In modern data lake architectures, raw tabular data (e.g., event logs, daily exports, customer records) often arrives in formats like CSV, Excel, or TSV. To make this data actionable, it frequently needs to be enriched with information residing in other systems—such as CRM details, geolocation data, or legacy internal services—accessible only via REST APIs.

The Tabular-Enhancement-Tool (tet) is designed to streamline this enrichment process:

  • Multi-source enhancement: Fetches data from external JSON-based REST APIs or SQLAlchemy-compatible databases.
  • High Performance via Multi-threading: Instead of sequential processing, which can take hours for large files, this tool utilizes a thread pool to handle hundreds of rows concurrently.
  • Data Integrity and Precision: The tool instructs Pandas to treat all inputs as strings, ensuring that original data—like ZIP codes with leading zeros or numeric IDs—is retained exactly as it appeared in the source.
  • Append-Only Enhancement: Your original columns are never modified.
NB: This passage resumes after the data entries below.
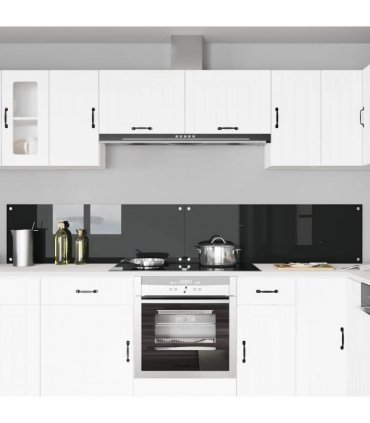 vidaXL Kitchen Backsplash 2 pcs Black 120 x 40 cm Tempered Glass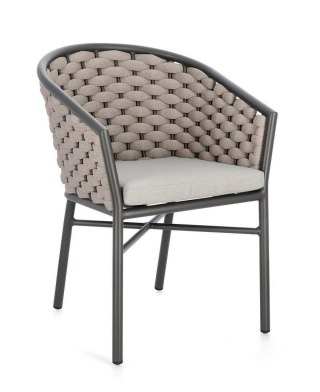 BIZZOTTO krzesło ogrodowe MARGALIDA antracyt / beż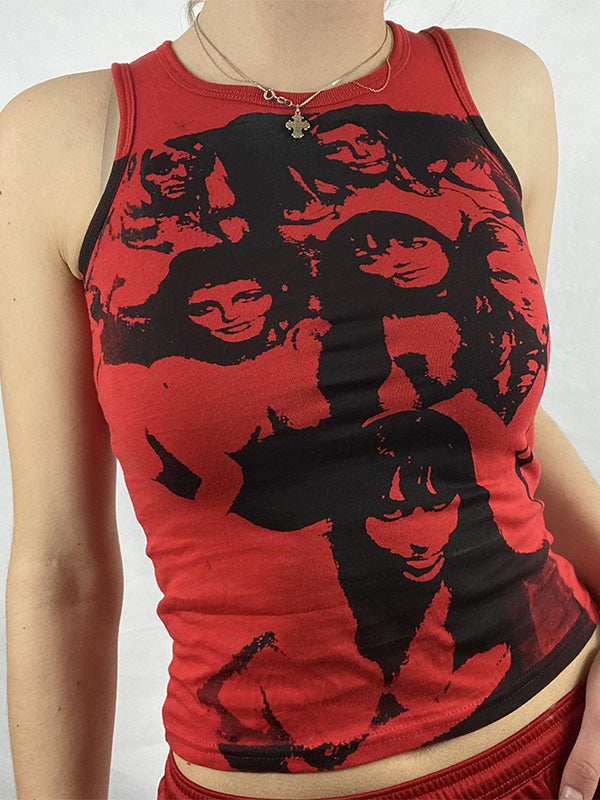 Vintage Girl Graphic Crop Tank Top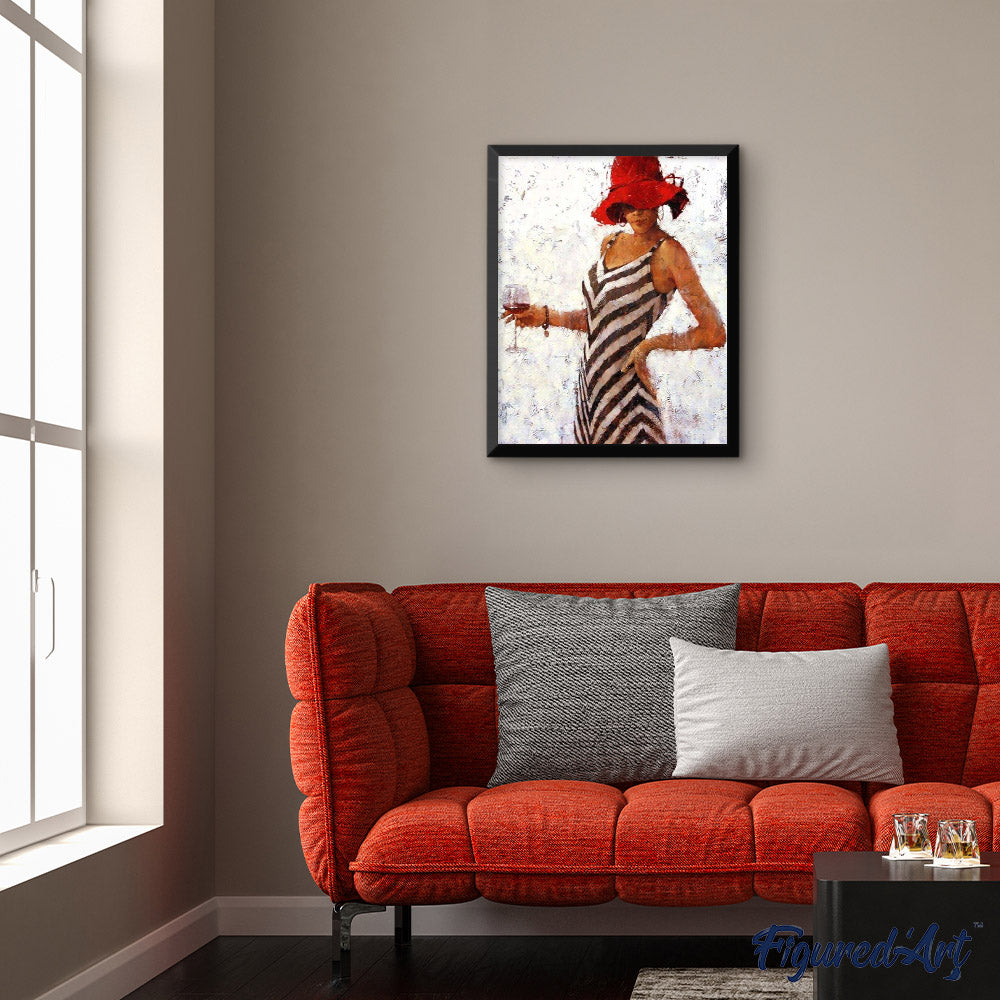 paint by numbers | Woman drinking Wine | intermediate portrait | FiguredArt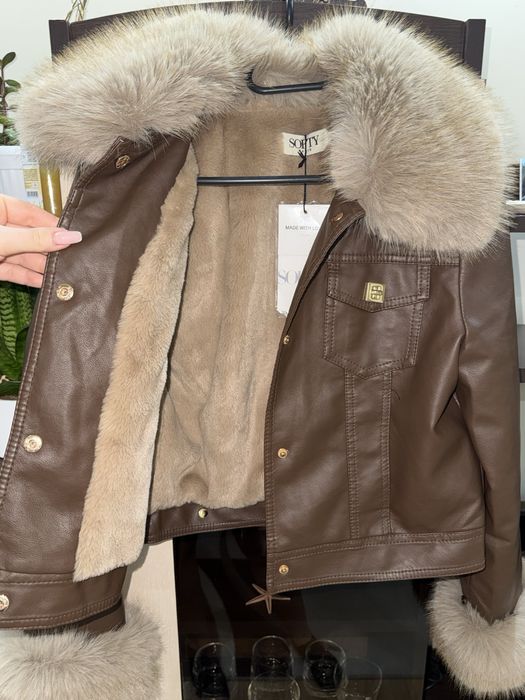 Кожено яке с естествен пух, ново!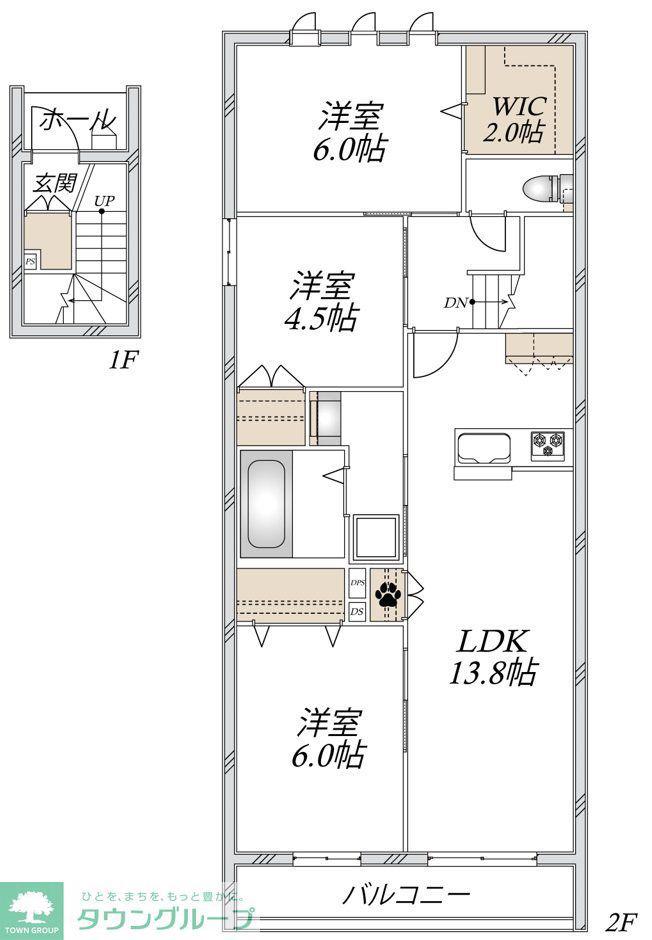 東武東上線 上福岡駅 徒歩14分 2階建 新築(3LDK/2階)の間取り写真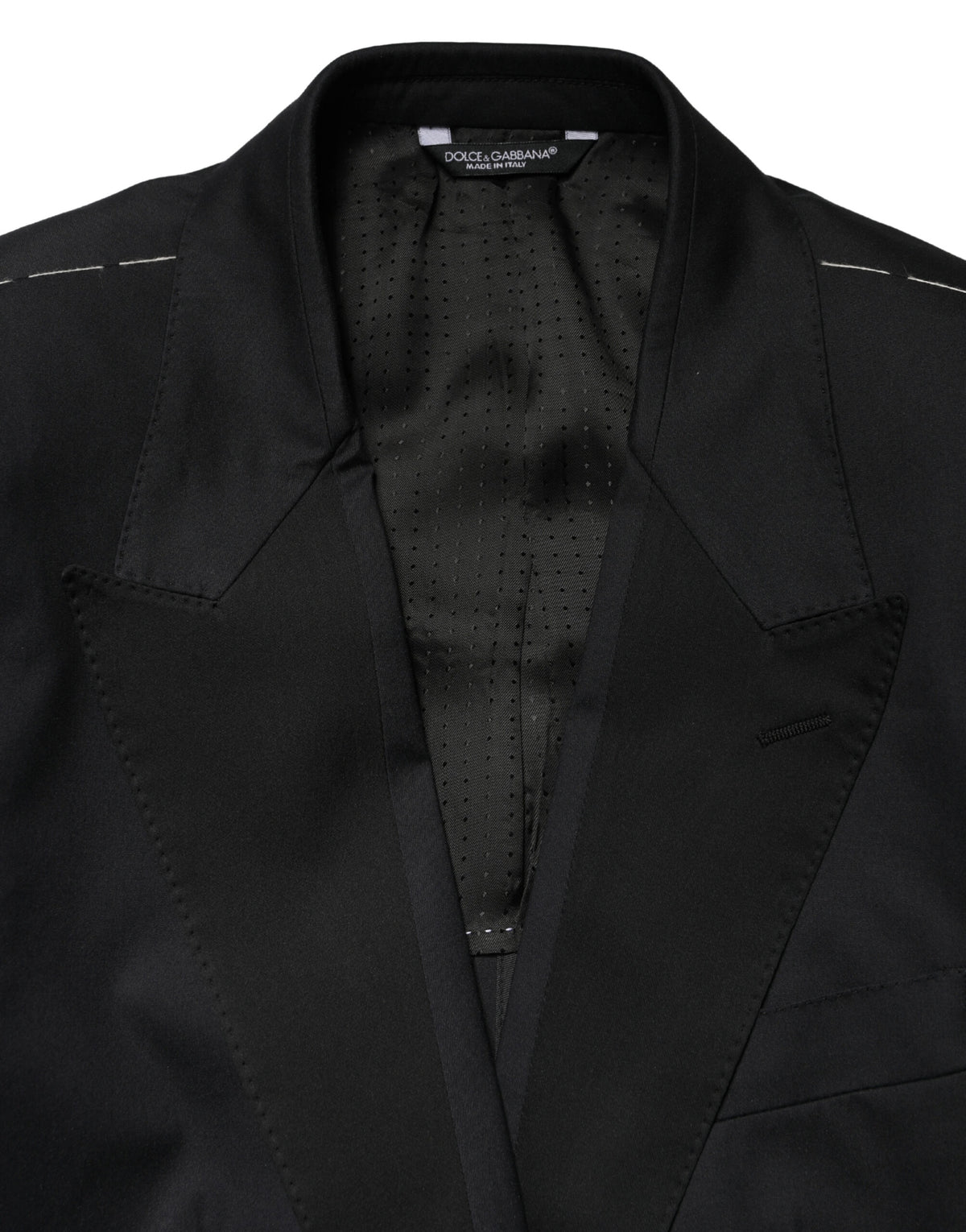 Dolce & Gabbana Black Cotton Single Breasted 2 Piece Men's Suit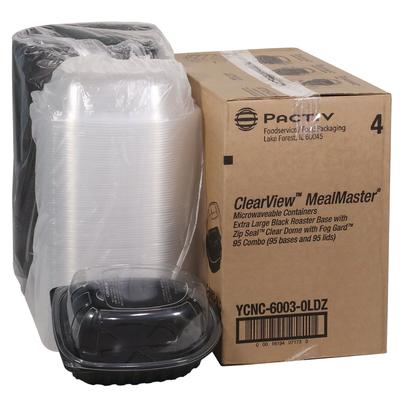 Pactiv Evergreen ClearView MealMaster Chicken Roaster, 10.75 x 8.5 x 4.25, Black/Clear, 95/Carton (PCTYCNC60030LDZ) Case of 95 Food Containers & Lids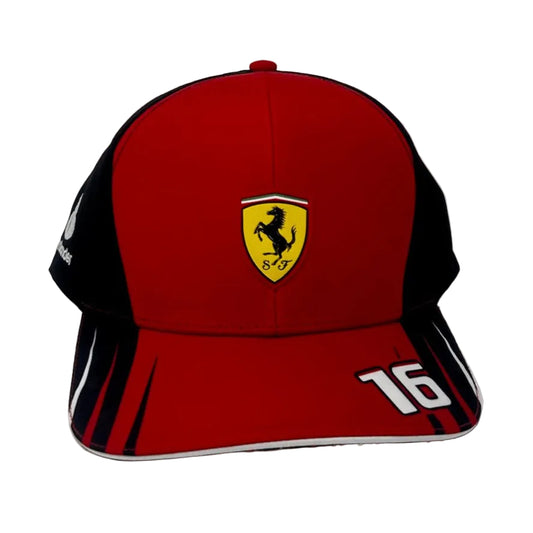Scuderia Ferrari F1 2022 Charles Leclerc Team Low Curve Brim Hat- Red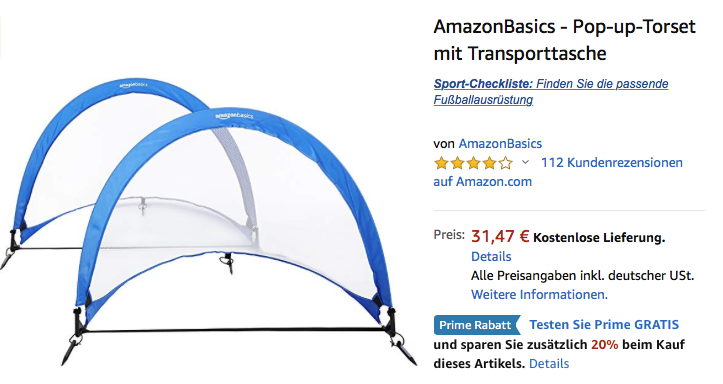 AmazonBasics - Pop-up-Torset mit Transporttasche, 1,21 m AmazonBasics - Pop-up-Torset mit Transporttasche, 1,21 m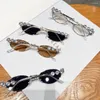 Lunettes de soleil Shades Ovales Embouts Fashion Metal Metal Bling Lunettes de lune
The responses are appended as new columns, allowing you to preserve the lineage of the raw data while adding new value.
  • Response Flattening: By default, the tool expands API/Database response objects into individual columns, making the data immediately available for analysis. For REST APIs, the tool automatically extracts the data field from the JSON response if present, focusing on the core payload. This behavior can be disabled if a single nested object is preferred.
  • Strict Order Preservation: Even with parallel execution, the output rows are guaranteed to match the order of the input file, making it safe for downstream processes that rely on stable indexing.
  • Flexible field mapping: Map DataFrame columns to API payload fields or database query filters.
  • HTTP GET and POST support: Choose the appropriate method for your API, with support for URL templating and query parameters.
  • REST API Authentication: Supports Basic Auth, Bearer Token, and API Key authentication schemes.
  • SQLAlchemy Integration: Supports any database with a SQLAlchemy dialect (PostgreSQL, MySQL, SQLite, Oracle, SQL Server, etc.).

Installation

You can install the package directly from the source directory:

pip install .

This will automatically install the required dependencies (pandas, requests, openpyxl) and provide the tabular-enhancer command.

Usage

Command Line Interface (CLI)

After installation, you can run the tool using the tabular-enhancer command:

tabular-enhancer input_data.csv \
    --api_url "https://api.example.com/process" \
    --mapping '{"api_field_1": "csv_column_a", "api_field_2": "csv_column_b"}' \
    --max_workers 10

Arguments:

  • input_file: Path to your CSV, Excel, TSV, TXT, or Parquet file.
  • --max_workers: (Optional) Number of concurrent threads (default: 5).
  • --no_flatten: (Optional) Do not expand response objects into individual columns.

API Options:

  • --api_url: The endpoint where the POST request will be sent.
  • --mapping: A JSON string mapping API payload keys to your file's column names. e.g. '{"api_field": "csv_column"}'.
  • --method: (Optional) HTTP method to use (POST or GET, default: POST).
  • --auth_type: (Optional) Authentication type (basic, bearer, or apikey).
  • --auth_user: (Optional) Username for basic auth.
  • --auth_pass: (Optional) Password for basic auth.
  • --auth_token: (Optional) Token for bearer or apikey auth.
  • --auth_header: (Optional) Custom header for apikey auth (default: X-API-Key).

SQLAlchemy Options:

  • --db_url: The SQLAlchemy connection URL to the target database.
  • --table_name: Name of the table to query for enhancement.
  • --mapping: A JSON list of column names in your file to be used as filters (WHERE clause) for the query. e.g. '["email_address"]'.

CLI Usage Examples:

# REST API Enhancement
tabular-enhancer input.csv \
    --api_url "https://api.example.com/process" \
    --mapping '{"user_id": "id"}'

# SQLAlchemy Database Enhancement
tabular-enhancer data.xlsx \
    --db_url "postgresql://user:pass@localhost/dbname" \
    --table_name "users" \
    --mapping '["email_address"]'

CLI Authentication Examples:

# Basic Auth
tabular-enhancer data.csv --api_url "..." --mapping '...' --auth_type basic --auth_user "admin" --auth_pass "secret"

# Bearer Token
tabular-enhancer data.csv --api_url "..." --mapping '...' --auth_type bearer --auth_token "your_token"

# API Key
tabular-enhancer data.csv --api_url "..." --mapping '...' --auth_type apikey --auth_token "your_api_key"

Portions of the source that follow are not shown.